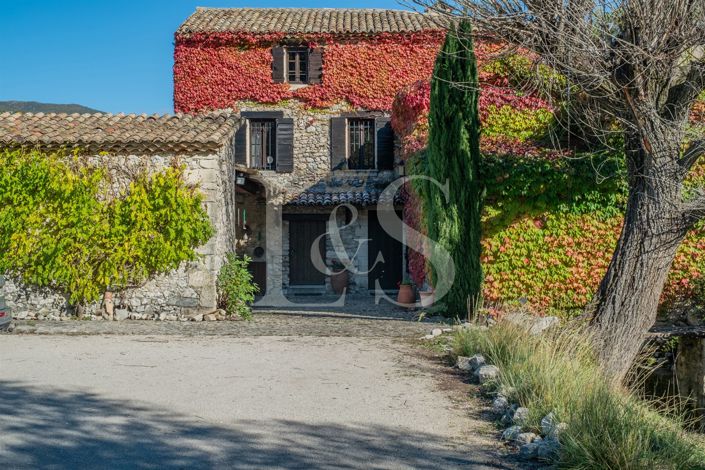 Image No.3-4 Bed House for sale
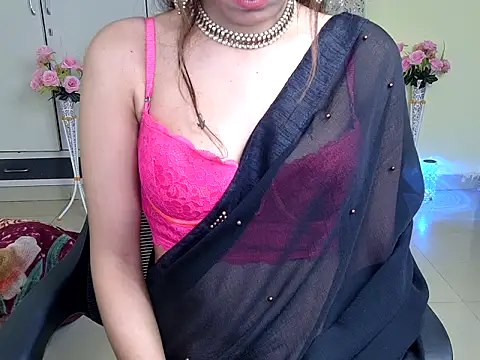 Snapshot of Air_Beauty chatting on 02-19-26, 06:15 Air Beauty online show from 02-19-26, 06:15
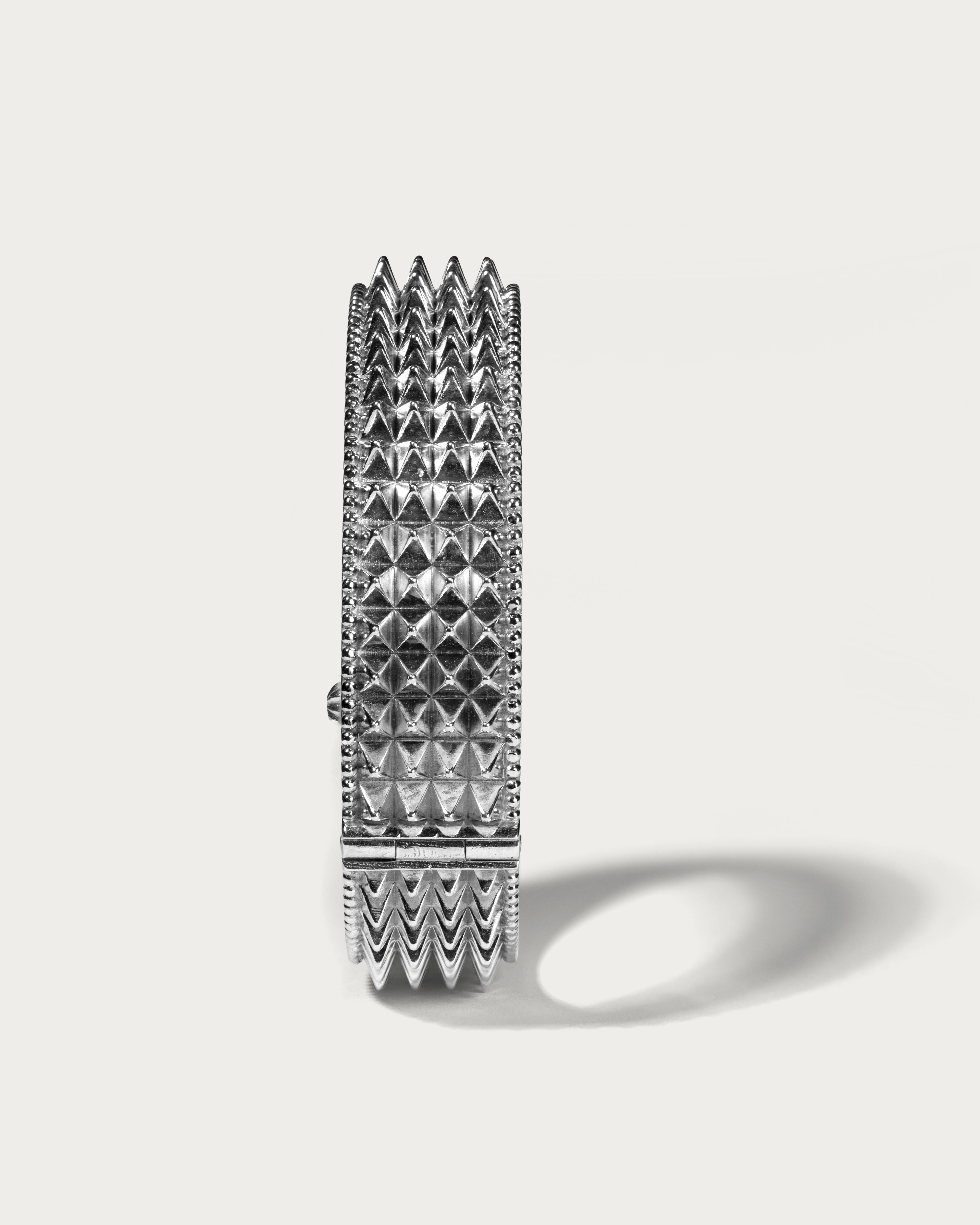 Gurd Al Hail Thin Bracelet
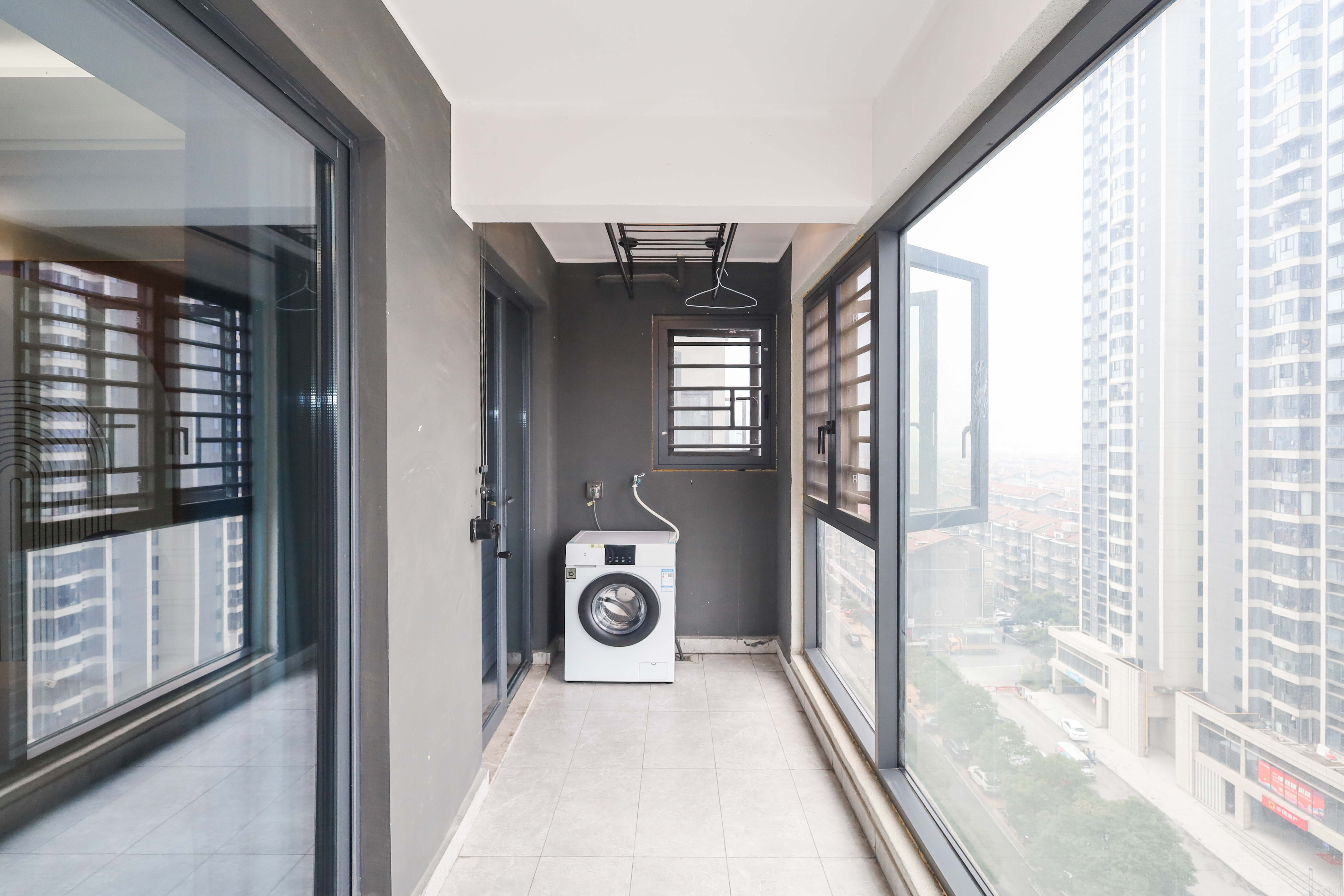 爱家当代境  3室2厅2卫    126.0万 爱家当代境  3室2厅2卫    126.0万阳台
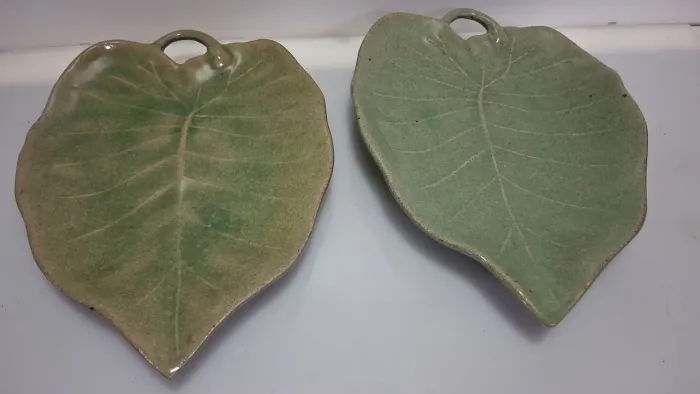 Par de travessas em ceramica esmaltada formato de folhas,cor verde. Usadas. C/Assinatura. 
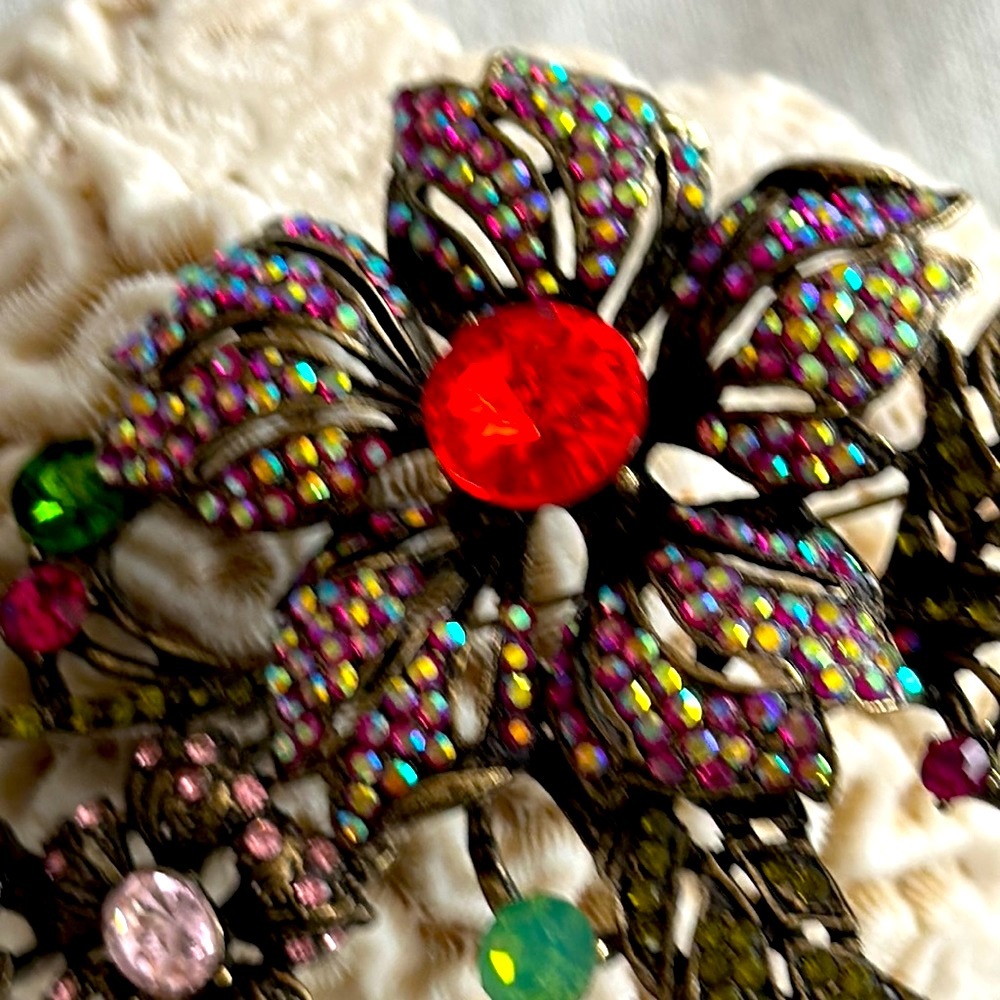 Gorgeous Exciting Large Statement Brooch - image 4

▬▬▬

**TASK TO CARRY OUT**
Extract the run of lines beginning with the line that holds "Snapshot of Air_Beauty" and ending at the last line of the data, inclusive. Exclude any pictures from the copy.

**FINISHED EXERCISE**
 Snapshot of Air_Beauty chatting on 02-19-26, 06:15 Air Beauty online show from 02-19-26, 06:15
 Gurd Al Hail Thin Bracelet
 爱家当代境  3室2厅2卫    126.0万 爱家当代境  3室2厅2卫    126.0万阳台
 Par de travessas em ceramica esmaltada formato de folhas,cor verde. Usadas. C/Assinatura. 
 Gorgeous Exciting Large Statement Brooch - image 4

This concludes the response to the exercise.